=== DATA EXTRACT ===

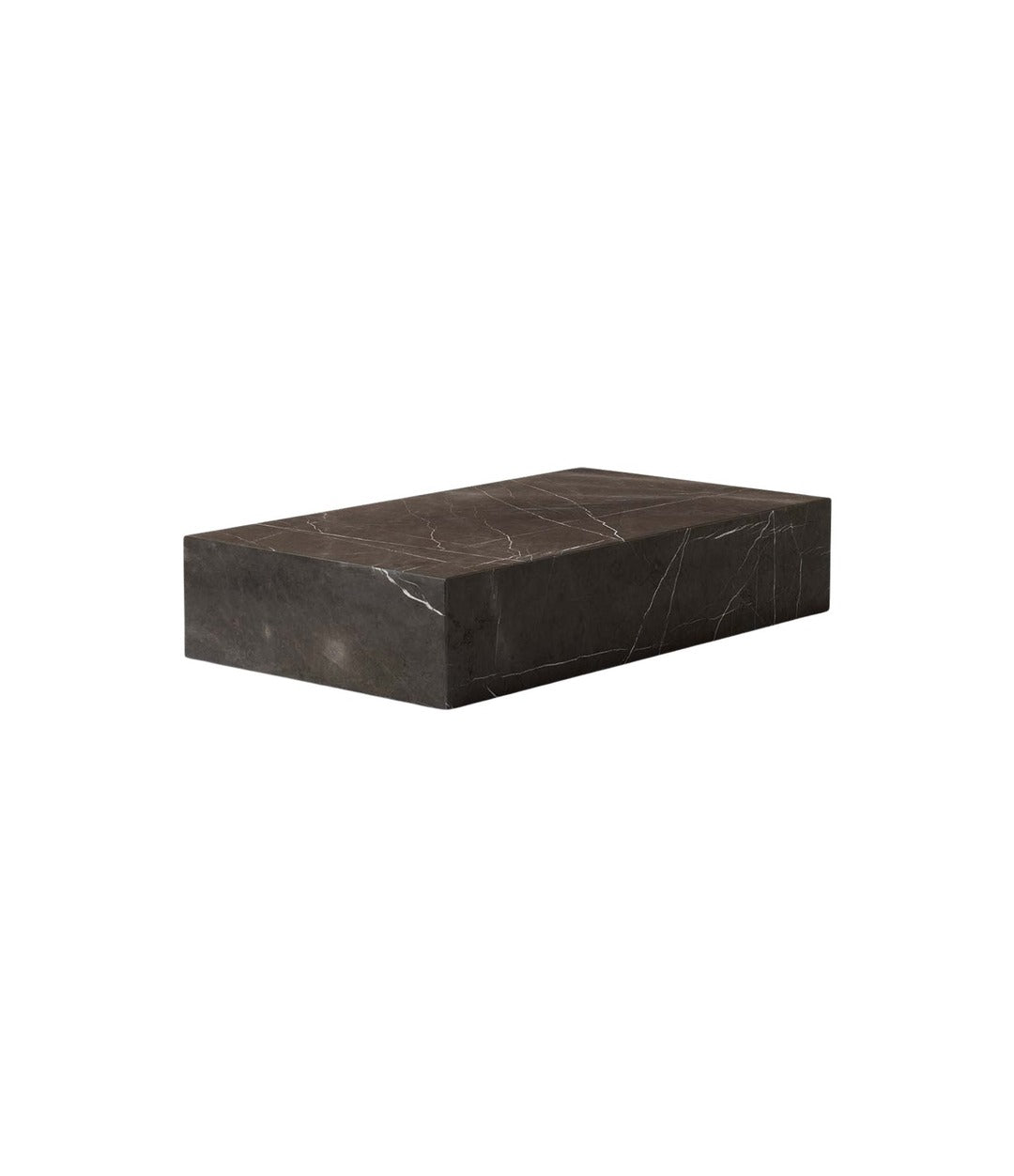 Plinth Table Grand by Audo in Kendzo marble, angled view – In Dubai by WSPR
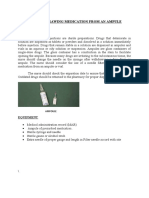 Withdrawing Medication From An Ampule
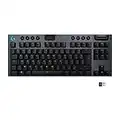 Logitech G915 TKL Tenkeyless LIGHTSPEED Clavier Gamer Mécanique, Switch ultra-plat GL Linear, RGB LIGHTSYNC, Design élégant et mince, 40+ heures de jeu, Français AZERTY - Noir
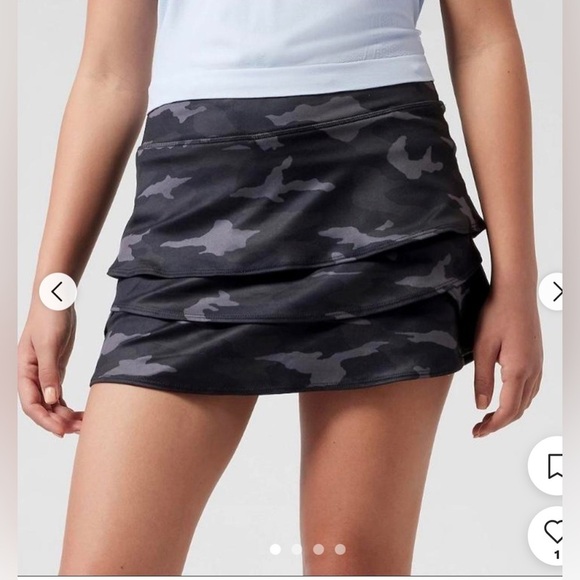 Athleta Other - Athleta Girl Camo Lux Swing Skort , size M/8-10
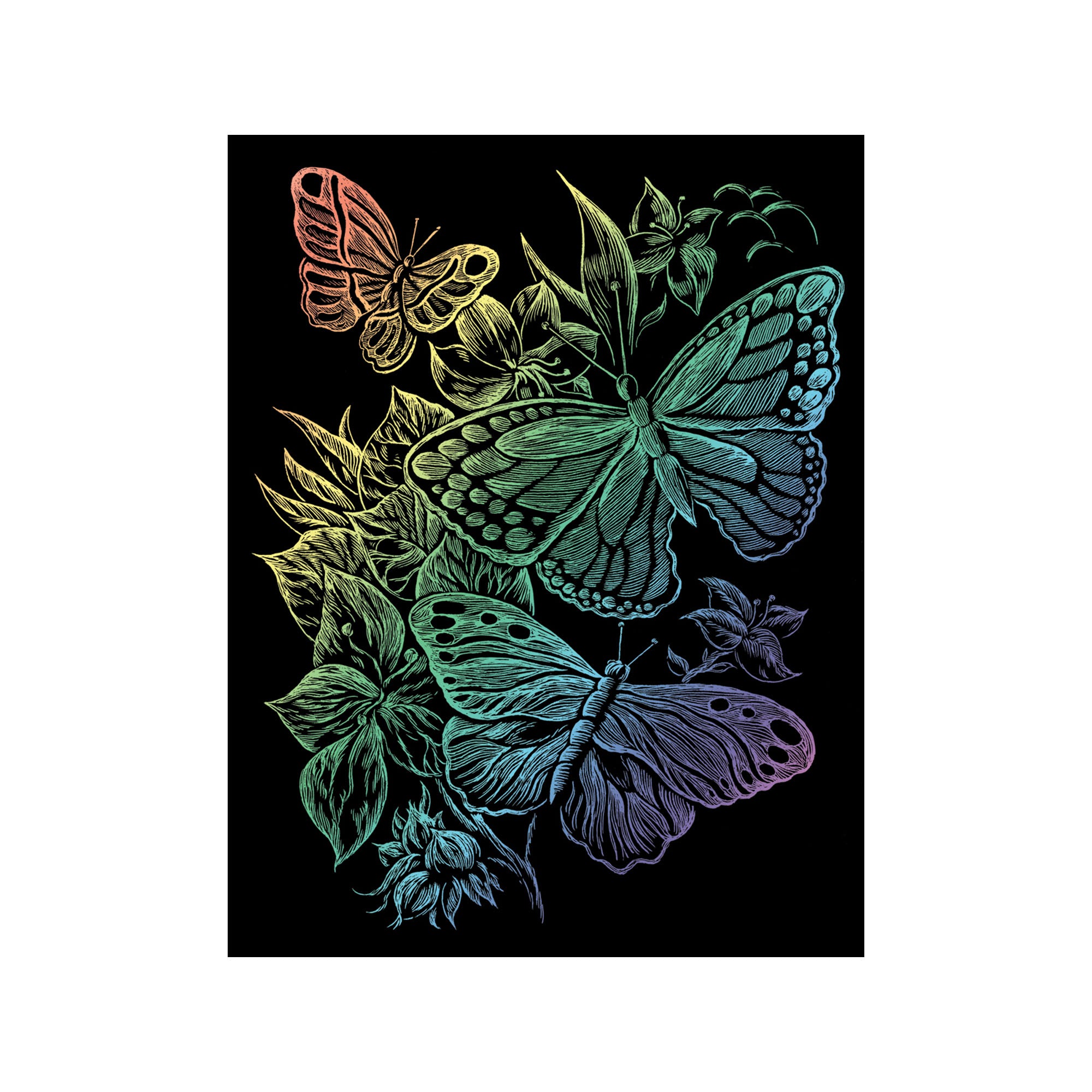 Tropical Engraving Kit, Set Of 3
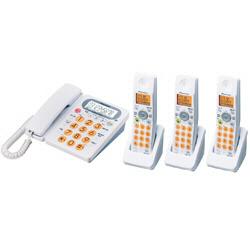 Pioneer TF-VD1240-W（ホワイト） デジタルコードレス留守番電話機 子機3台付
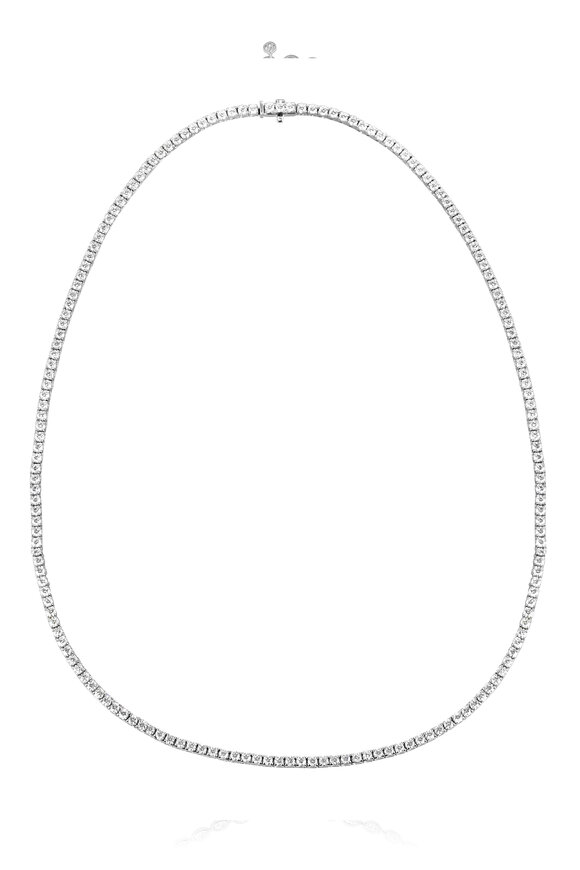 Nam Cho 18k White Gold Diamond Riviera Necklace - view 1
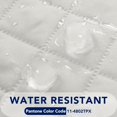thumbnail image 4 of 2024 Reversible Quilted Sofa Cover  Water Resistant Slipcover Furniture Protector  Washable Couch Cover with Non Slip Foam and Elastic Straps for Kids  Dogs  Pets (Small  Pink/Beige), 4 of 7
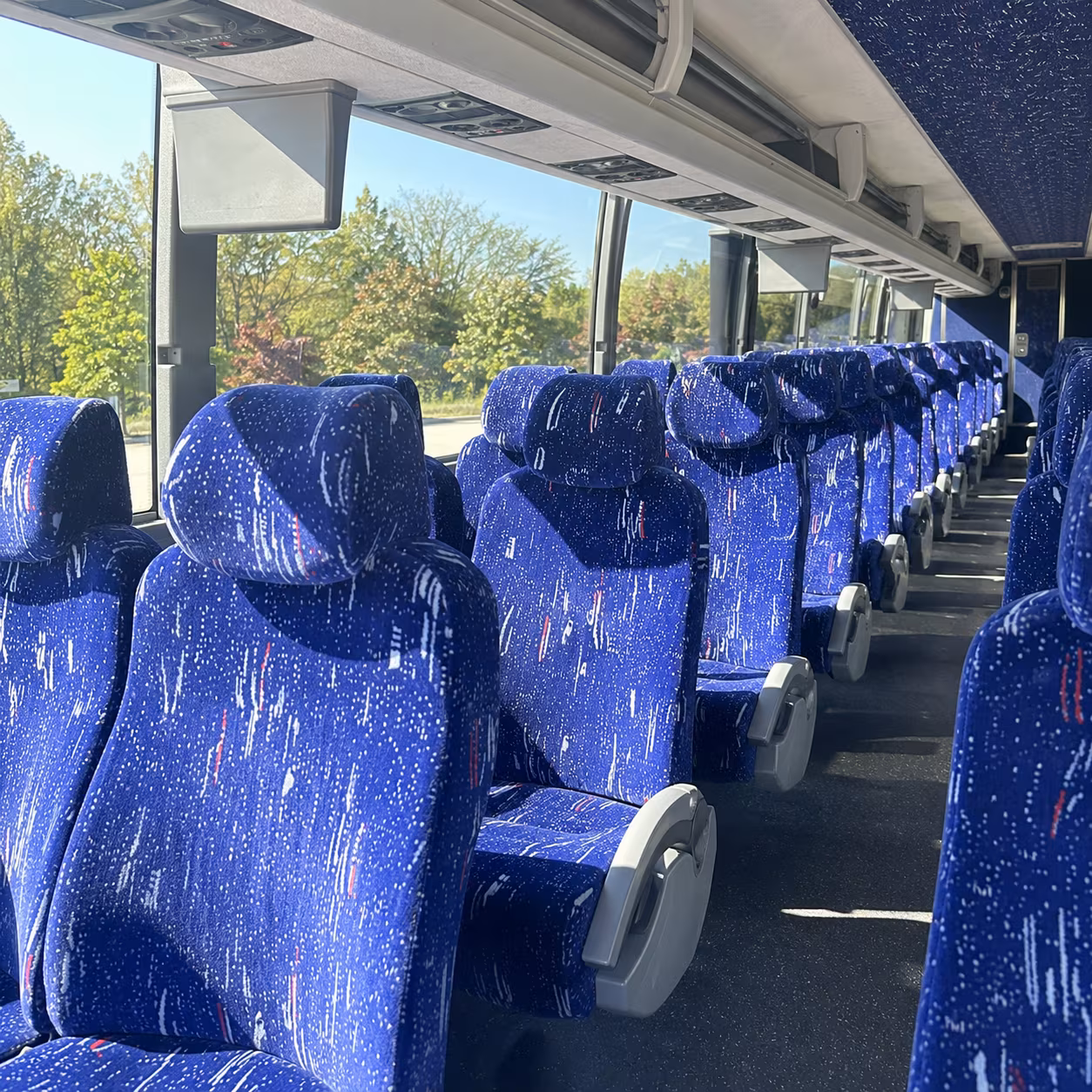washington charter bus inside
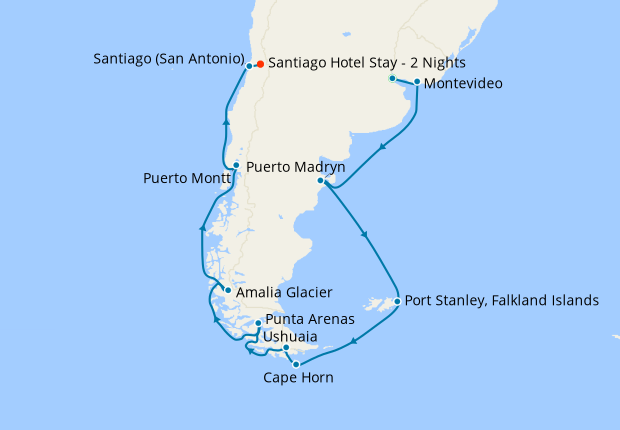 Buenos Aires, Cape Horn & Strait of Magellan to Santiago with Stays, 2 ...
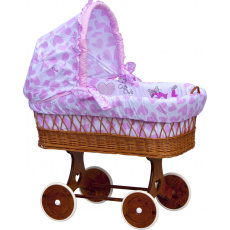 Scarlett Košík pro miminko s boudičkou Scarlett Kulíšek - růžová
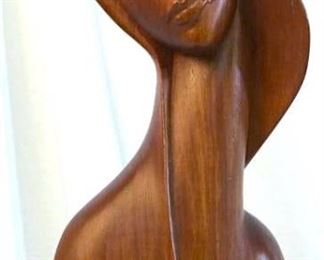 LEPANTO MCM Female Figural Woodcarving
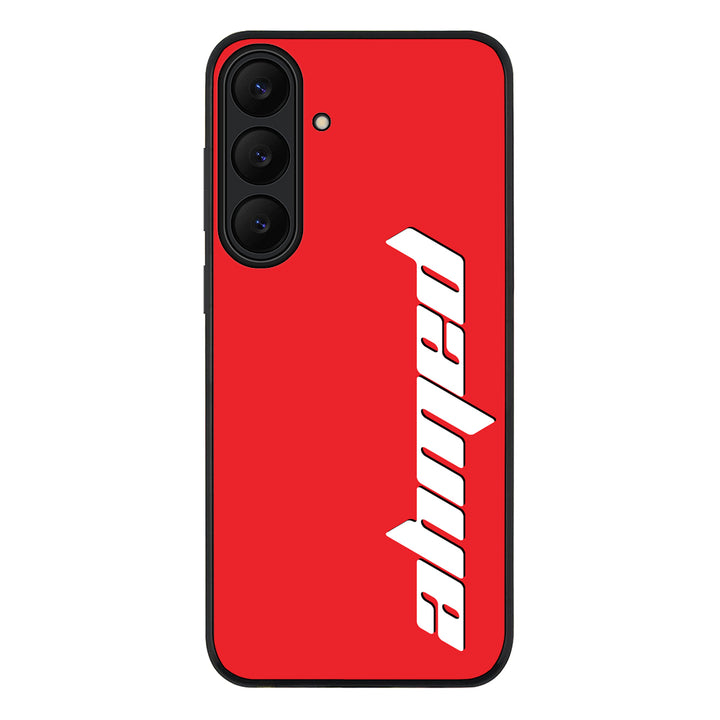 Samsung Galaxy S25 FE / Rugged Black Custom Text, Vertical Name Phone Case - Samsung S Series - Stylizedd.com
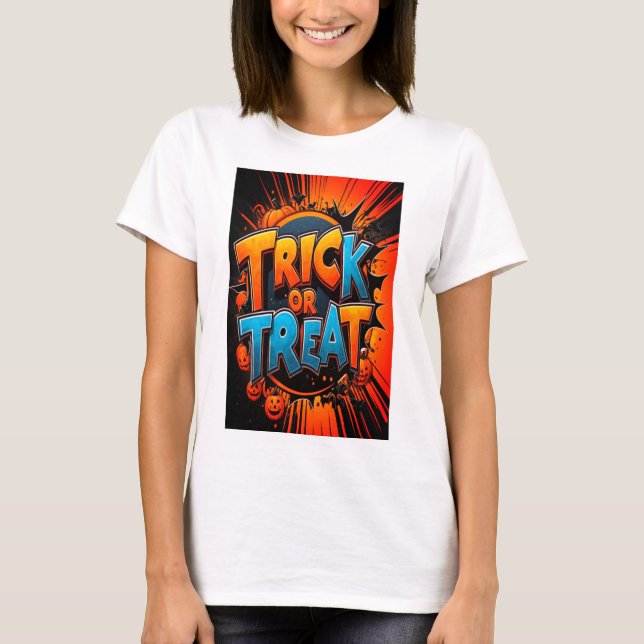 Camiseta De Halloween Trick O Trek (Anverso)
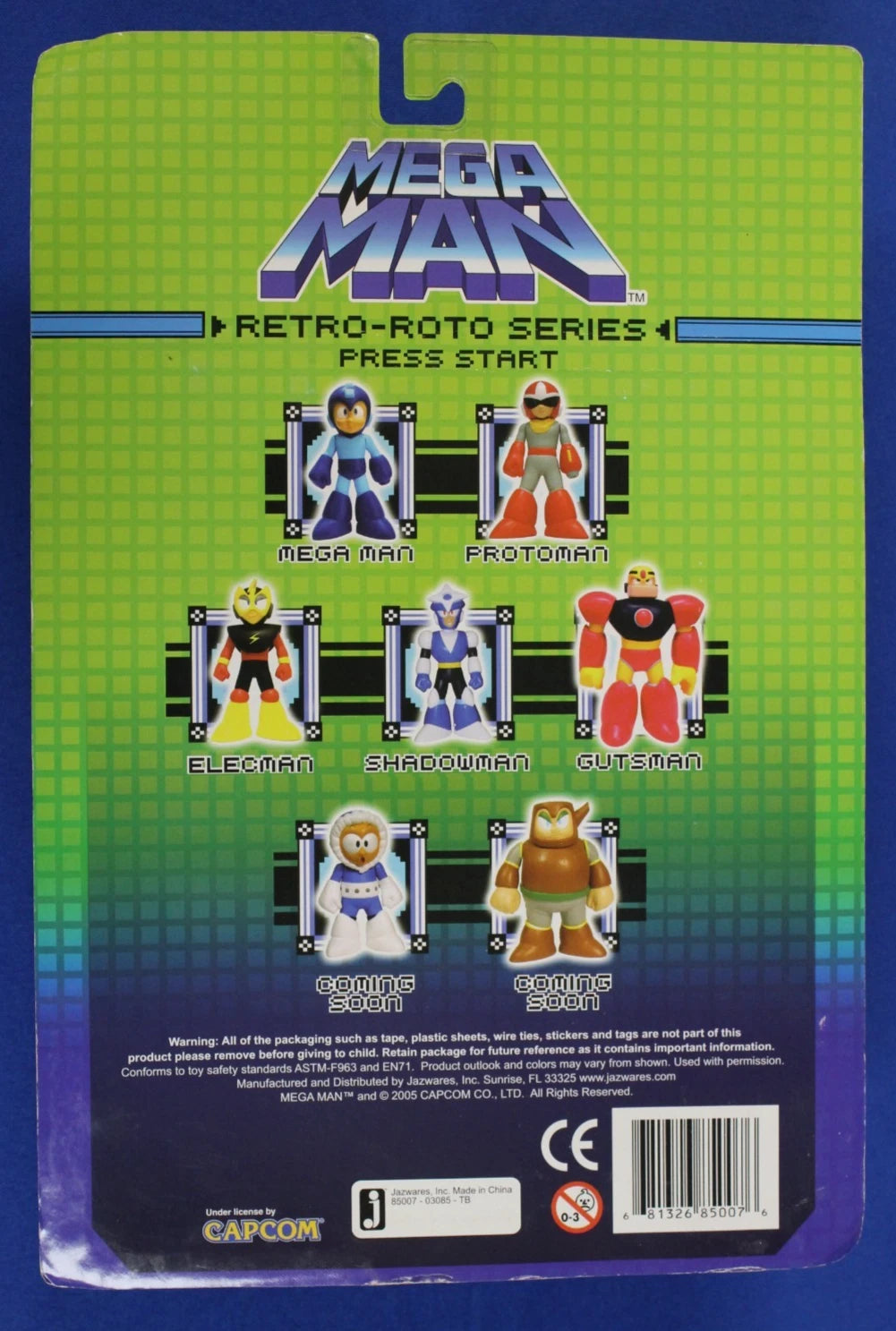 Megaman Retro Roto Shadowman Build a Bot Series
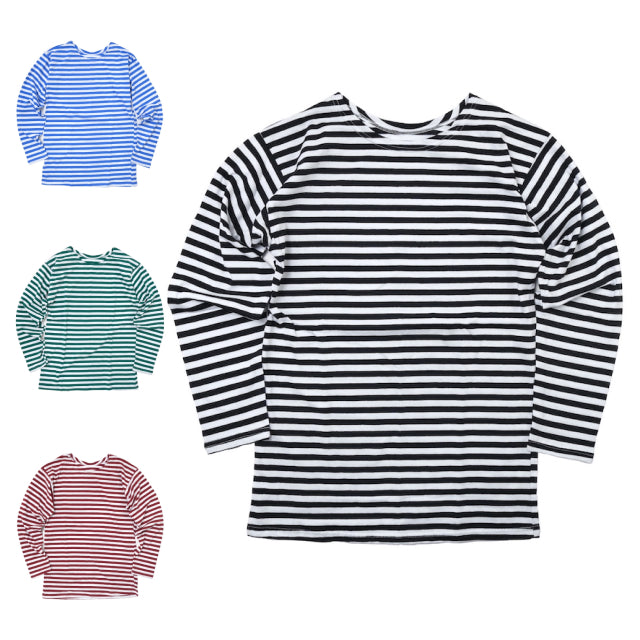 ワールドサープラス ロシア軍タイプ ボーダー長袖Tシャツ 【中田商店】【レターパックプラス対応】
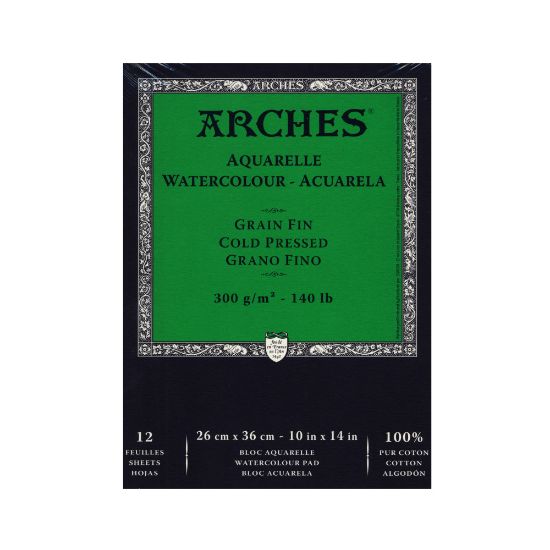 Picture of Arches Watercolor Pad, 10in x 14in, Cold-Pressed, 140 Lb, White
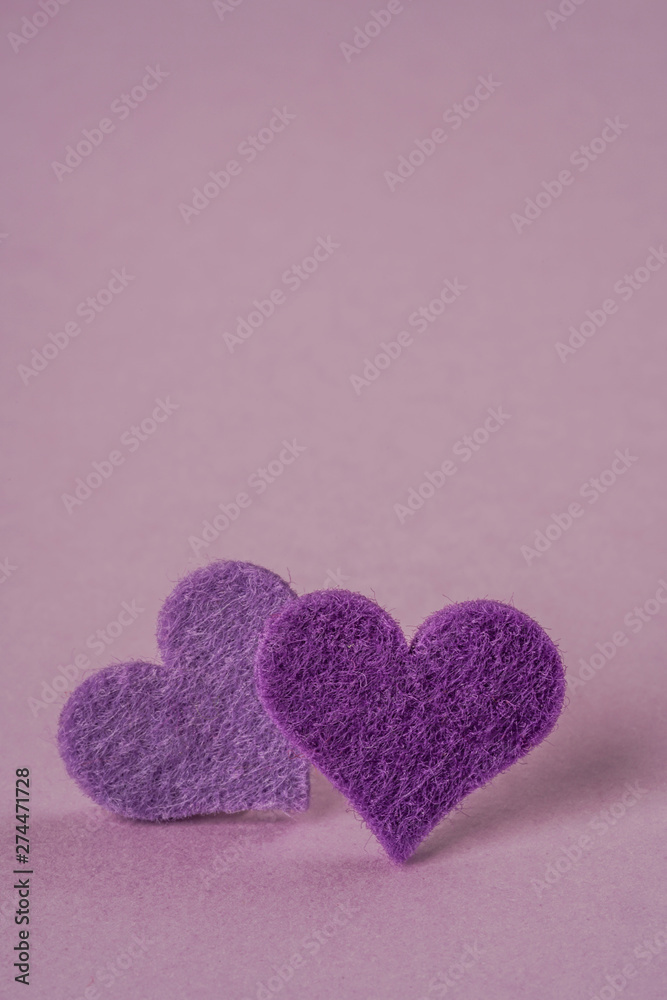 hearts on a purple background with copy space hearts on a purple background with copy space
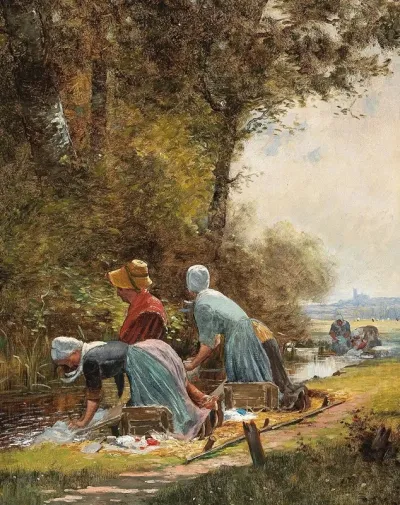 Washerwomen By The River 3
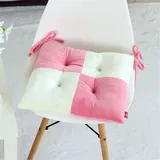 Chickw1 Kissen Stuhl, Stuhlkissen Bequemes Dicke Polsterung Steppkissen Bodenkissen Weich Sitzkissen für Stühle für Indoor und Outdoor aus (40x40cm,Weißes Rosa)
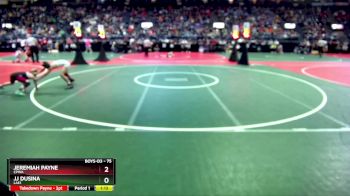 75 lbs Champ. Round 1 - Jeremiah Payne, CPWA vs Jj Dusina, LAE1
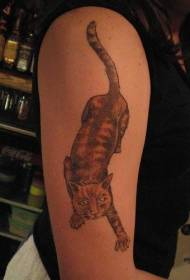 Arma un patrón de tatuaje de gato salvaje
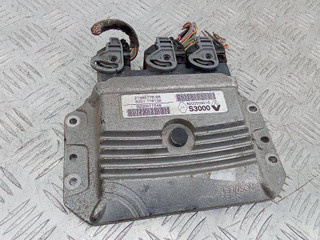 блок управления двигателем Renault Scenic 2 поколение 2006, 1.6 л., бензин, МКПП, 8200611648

===

**ABOUT THIS TASK**: From the line with "ワールドサープラス ロシア軍タイプ ボーダー長袖Tシャツ" to the final line of the entries above, reproduce each line exactly and nothing else; the pictures stay out.

**YOUR RESPONSE**:
 ワールドサープラス ロシア軍タイプ ボーダー長袖Tシャツ 【中田商店】【レターパックプラス対応】
 Picture of Arches Watercolor Pad, 10in x 14in, Cold-Pressed, 140 Lb, White
 hearts on a purple background with copy space hearts on a purple background with copy space
 Washerwomen By The River 3
 Chickw1 Kissen Stuhl, Stuhlkissen Bequemes Dicke Polsterung Steppkissen Bodenkissen Weich Sitzkissen für Stühle für Indoor und Outdoor aus (40x40cm,Weißes Rosa)
 75 lbs Champ. Round 1 - Jeremiah Payne, CPWA vs Jj Dusina, LAE1
 Arma un patrón de tatuaje de gato salvaje
 блок управления двигателем Renault Scenic 2 поколение 2006, 1.6 л., бензин, МКПП, 8200611648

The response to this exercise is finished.